= Beginning of Section =
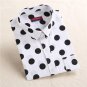 Dioufond Red Polka Dot Women Shirts Formal Work Ladies Blouses Cotton Long Sleeve Vintage Shirt Plus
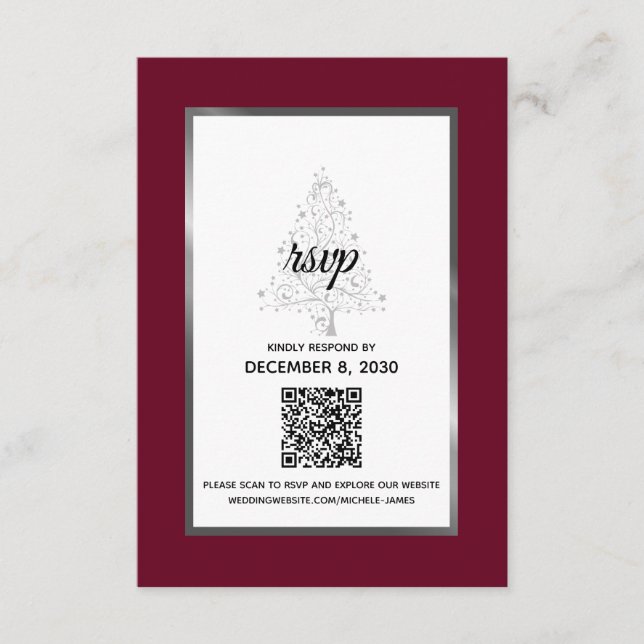 Elegant Burgundy Silver Winter Wedding QR Code RSVP Card (Front)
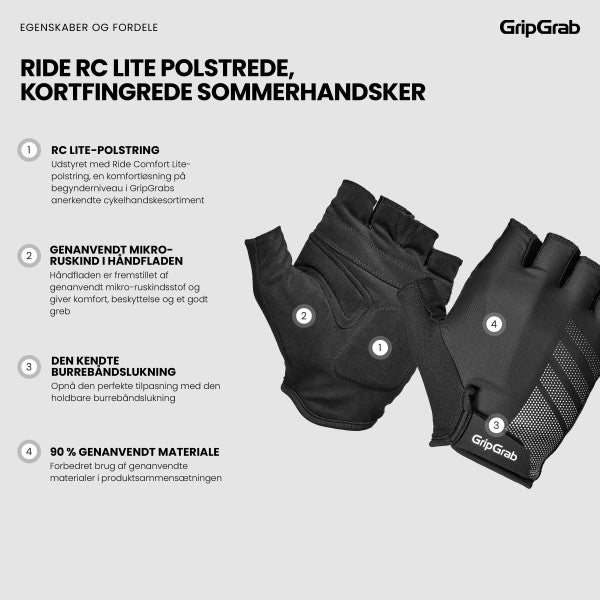 GripGrab Ride RC Lite Cykelhandsker - Sort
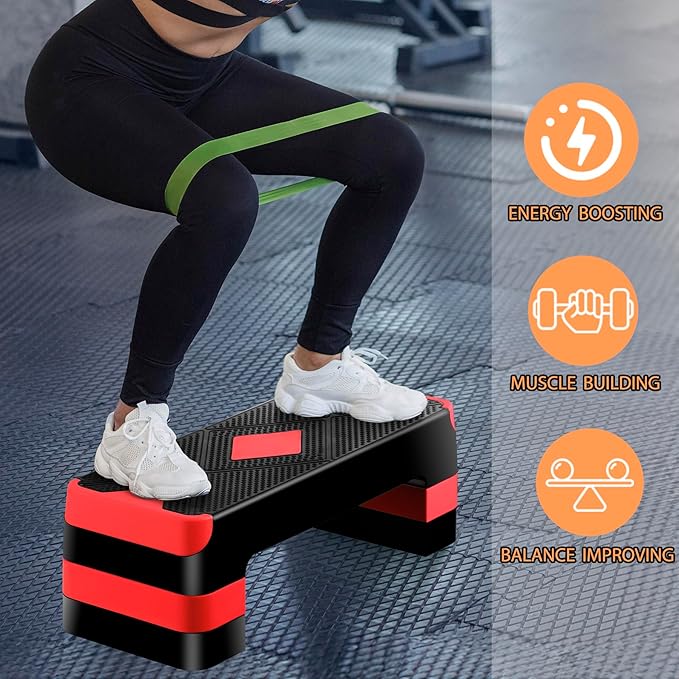 26.5 Inch Aerobic Exercise Step Platform for Home Gym, 4” 6” 8”Adjustable Risers for Step up Fitness Workout, Stepper Step Trainer, Green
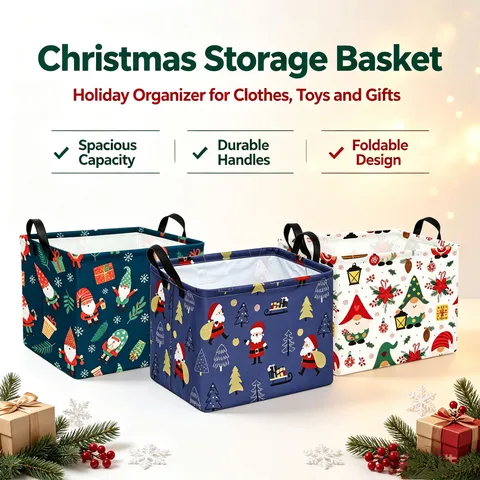 Panier de Rangement Noël Halloween Imperméable Coton Lin Pliable Organisateur Boîte Panier pour Jouets Vêtements Maison Divers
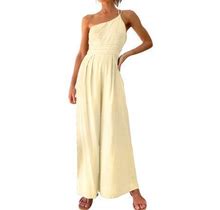 Women Summer Straps One Shoulder Pleated High Waist Casual Wide Leg Jumpsuit Romper Plus Jumpsuit Elegant Jumpsuit For Women Evening Party Dressy Pant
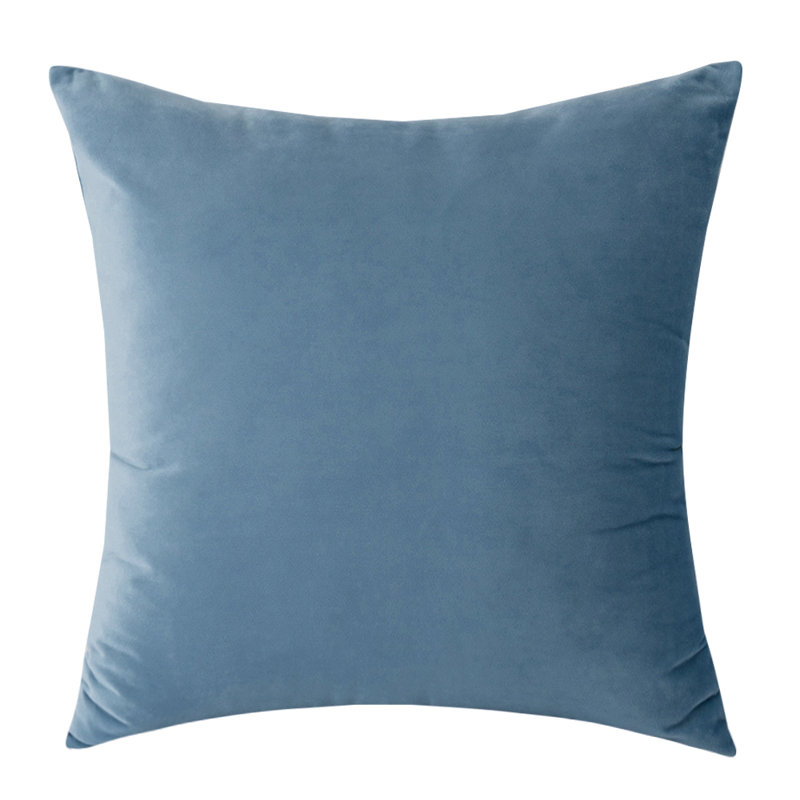 Housse de coussin carré en velours , Bleu mer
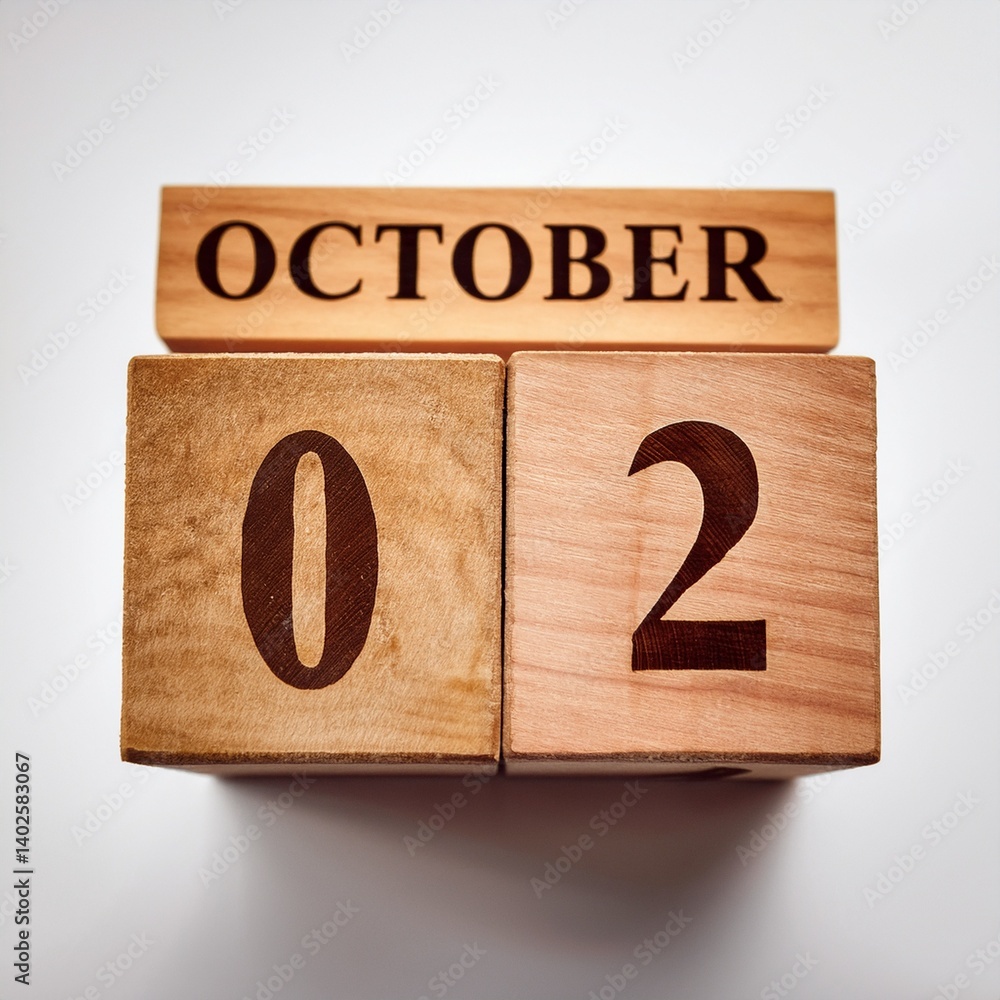 Minimalist photo of wooden blocks with date 2 October. Day and month, calendar on white background Minimalist photo of wooden blocks with date 2 October. Day and month, calendar on white background
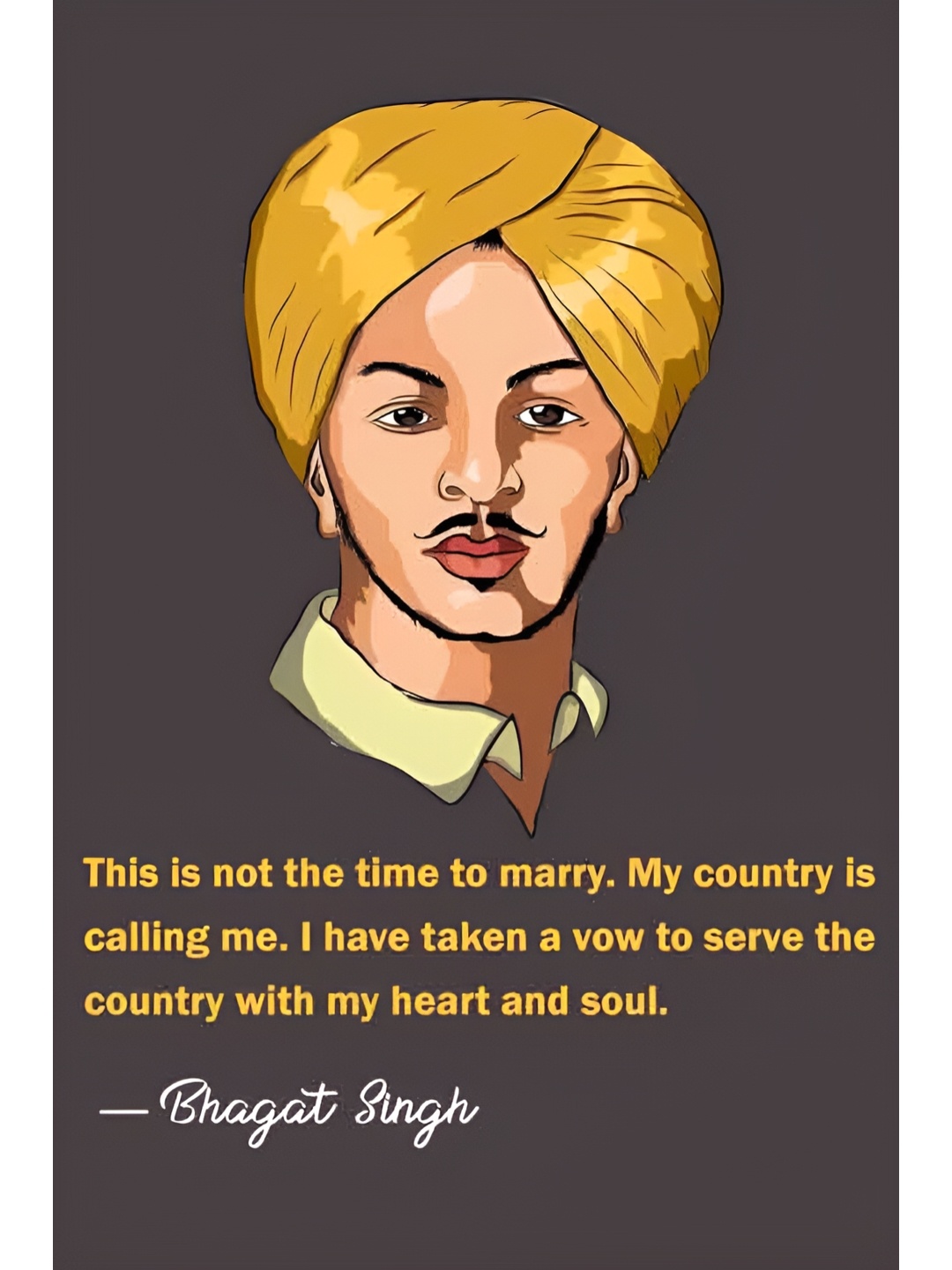 

British Terminal Paper Bhagat Singh Quote Wall Painting Poster, Multi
= End of Section =
Everything from the first line of the records through the line containing "Housse de coussin" should be reproduced exactly, apart from the pictures.

Solution for this problem |
 Dioufond Red Polka Dot Women Shirts Formal Work Ladies Blouses Cotton Long Sleeve Vintage Shirt Plus
 Elegant Burgundy Silver Winter Wedding QR Code RSVP Card (Front)
 GripGrab Ride RC Lite Cykelhandsker - Sort
 26.5 Inch Aerobic Exercise Step Platform for Home Gym, 4” 6” 8”Adjustable Risers for Step up Fitness Workout, Stepper Step Trainer, Green
 Panier de Rangement Noël Halloween Imperméable Coton Lin Pliable Organisateur Boîte Panier pour Jouets Vêtements Maison Divers
 Women Summer Straps One Shoulder Pleated High Waist Casual Wide Leg Jumpsuit Romper Plus Jumpsuit Elegant Jumpsuit For Women Evening Party Dressy Pant
 Housse de coussin carré en velours , Bleu mer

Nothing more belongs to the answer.